General features of the Drosophila interaction map and visualization tool
We carried out a total of 154 screens on 102 Drosophila proteins. In all, 18,353 positive colonies were picked and 15,201 prey inserts were successfully sequenced. From these prey fragments, 2338 PPI and 2484 SIDs (mean size: 267 residues) were identified. Of these, 153 interactions fell into the “sticky” category (PBS E). The remaining set defined 2185 interactions connecting 1711 Drosophila proteins, which corresponds to an average connectivity of 2.55 partners per connected proteins and of 21.4 partners per bait (Table 1). The average connectivity for the high-confidence map (PBS A to C) is of seven partners per bait, an estimate in accordance with those proposed in recent studies (Grigoriev 2003; Lehner and Fraser 2004).
Table 1.
Value | Comments | |
---|---|---|
Screens | 154 | |
Combinations of bait/prey polypeptide tested | 7.7 × 109 | |
Preys tested/bait | 5 × 107 | |
Selected colonies/bait | 0-380 | On average 119 colonies/bait |
Selected colonies/million pairs tested | 1.7 | |
Selected clones | 18,353 | |
Sequenced clones | 16,123 | 88% of selected clones |
Clones identified | 15,201 | 94.3% of sequenced clones |
6.7% not predicted cDNA | ||
Protein-protein interactions | 710 (PBS A to C) | |
2185 (PBS A to D) | ||
2338 (PBS A to E) | ||
Proteins connected | 641 (PBS A to C) | |
1711 (PBS A to D) | ||
1727 (PBS A to E) | ||
Mean connectivity | 2.22 (PBS A to C) | 2.9/bait (PBS A) |
2.55 (PBS A to D) | 5.8/bait (PBS A, B) | |
2.71 (PBS A to E) | 7/bait (PBS A to C) | |
21.4/bait (PBS A to D) | ||
SID identified | 2484 |
For display and analysis of large interaction data sets, we used a previously developed software platform, the PIMRider (Colland et al. 2004). This tool has been considerably enhanced to visualize multiple PIMs from different libraries and includes several viewers (Supplemental Fig. 1).

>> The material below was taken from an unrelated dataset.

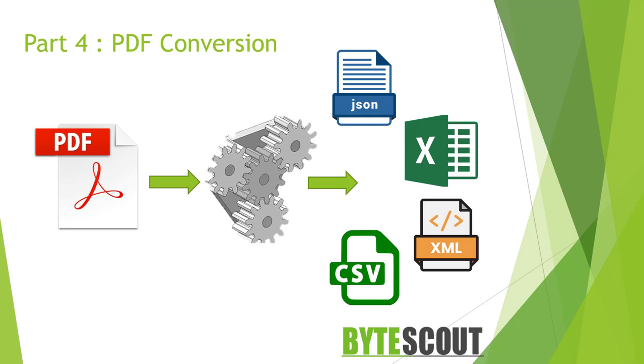Fortunately in that situation PDF Multi-tool will come to the rescue. With PDF Multi-tool you can convert your PDF document to Excel, CSV, JSON or XML in a matter of seconds. So let's see how easily you can convert your PDF files to other formats.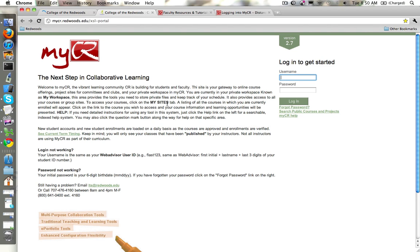So once we're actually at the MyCR web page, over on the right there's boxes for username and password.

Access to all data through the PIMRider software is freely available following registration at http://pim.hybrigenics.com.

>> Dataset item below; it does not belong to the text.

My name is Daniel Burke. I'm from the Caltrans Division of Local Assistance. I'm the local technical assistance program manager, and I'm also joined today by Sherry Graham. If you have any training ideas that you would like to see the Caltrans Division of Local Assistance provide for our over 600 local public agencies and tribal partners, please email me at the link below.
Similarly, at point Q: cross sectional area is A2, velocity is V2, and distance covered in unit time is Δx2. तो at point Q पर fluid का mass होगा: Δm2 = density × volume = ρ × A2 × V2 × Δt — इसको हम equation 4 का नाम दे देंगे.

Drosophila protein interaction map analysis
Global analysis of Gene Ontology (GO) distribution in the map and in the fly genome
The complete interaction map and the high-confidence score map were classified according to a reduced set of selected GO categories (Table 2). This distribution was compared to the one of the annotated Drosophila proteome. A few classes are enriched or depleted because of a primary bias in the distribution of the bait proteins (e.g., apoptosis regulator, cell death, or protein metabolism). An expected enrichment in the binding function class is observed. Interestingly, there is no significant depletion in membrane proteins. This suggests that the Y2H strategy used in our study (specific bait design, use of prey fragment libraries) overcomes the frequent bias against these cellular components reported in other studies (Giot et al. 2003). The ability of our Y2H assay to efficiently detect interactions involving membrane proteins is convincingly exemplified in a recent study (Boeda et al. 2002). Conversely, we did not observe an enrichment in nuclear proteins as recently reported (Giot et al. 2003).
Table 2.
Among the other classes, proteins with catalytic activity are underrepresented. The observed depletion may reflect the recognized difficulty to detect transient enzyme-substrate interactions even using a rather sensitive assay. Alternatively, exogenous catalytic activities may, in some circumstances, be toxic to yeast.
Global analysis of SID and predicted structural/functional domains
The identification of the interacting domains (SID) and the systematic prediction of InterPro domains, transmembrane segments (TM), and signal peptide (SP) in the whole interaction map and in the Drosophila proteome allowed us to compare the distribution of these experimental and predicted domains.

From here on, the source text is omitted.